The purpose of the survey is to discover what Monticello looked like before Jefferson lived there and what it looked like after he restructured it, Monaghan said. The ultimate goal is to get the property back to Jefferson’s original vision in order to improve the site’s historical accuracy.

“We want to provide our visitors with a more accurate historical representation of Monticello,” said Sara Bon-Harper, archeological research manager at Monticello.

Monaghan and his two field assistants, Walker and Marshall, were given a grant to join Monticello archeologists and work on a specific part of the survey dubbed “the kitchen road project.”

They used two state of the art methods to uncover the location of two roads, one leading to the kitchen, that Jefferson created in the 1800s and have since been lost, buried under layers and layers of time and restructuring.

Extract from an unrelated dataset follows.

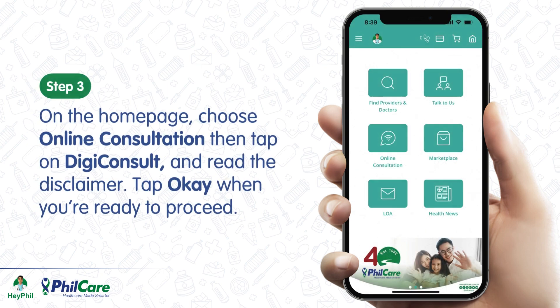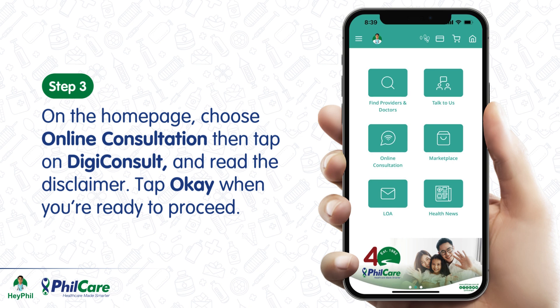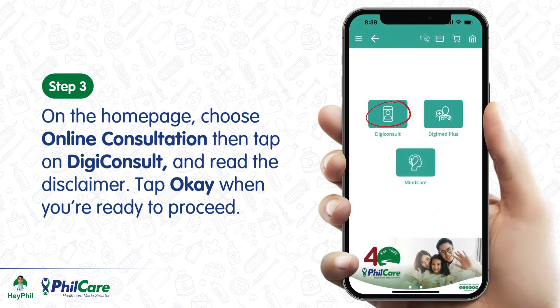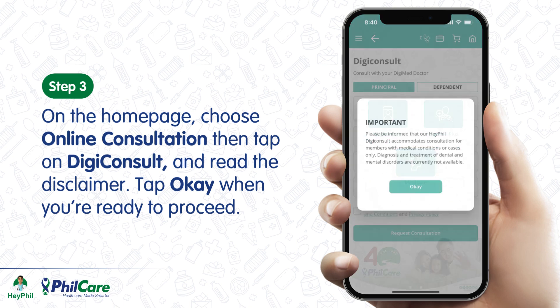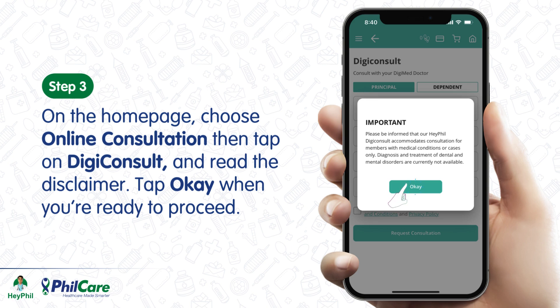Step 3. On the homepage, choose online consultation, then tap on DGIConsult and read the disclaimer. Tap OK when you're ready to proceed.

One of these techniques was a process known to archeologists as electrical resistivity.

The process involves injecting electricity into the ground at certain points to measure how easily currents can pass through. They were looking for areas of earth with high resistivity, areas that told them where gravel could be located.

And where there is gravel, there were likely once roads, Monaghan said.

Once those spots were identified, a physical core of the ground would be removed for closer examination.

Bon-Harper said their work allowed Monticello archeologists to more carefully place excavation sites based on where roads were likely located.

At these sites, the Monticello archeologists hope to restructure the roads, which have been officially located. The next step is for the foundation to approve the rebuilding, Bon-Harper said.

But the “kitchen road project” became about more than just roads.

An offshoot was the discovery that Jefferson did a great deal more restructuring to the land than once thought.

In order to create his ideal plantation, Jefferson had to manually flatten the top of Monticello Mountain, Monaghan said.

He scraped away from certain areas, and added to others. The original roads were much further below current ground level, and the IU team brought this to light.

Now archeologists are wondering why Jefferson added so much fill, and where that fill came from.

“Every time you go out and research new questions come up,” Monaghan said. “An archeological site is never static.”

Though Monaghan’s portion of the project is complete, the total survey of the plantation will likely take a lifetime, he said.

It has been going on for more than a decade.

“We’re looking at parts of history for which there are incomplete records,” Monaghan said. “You’ll find that a lot of details in life weren’t really kept in records.”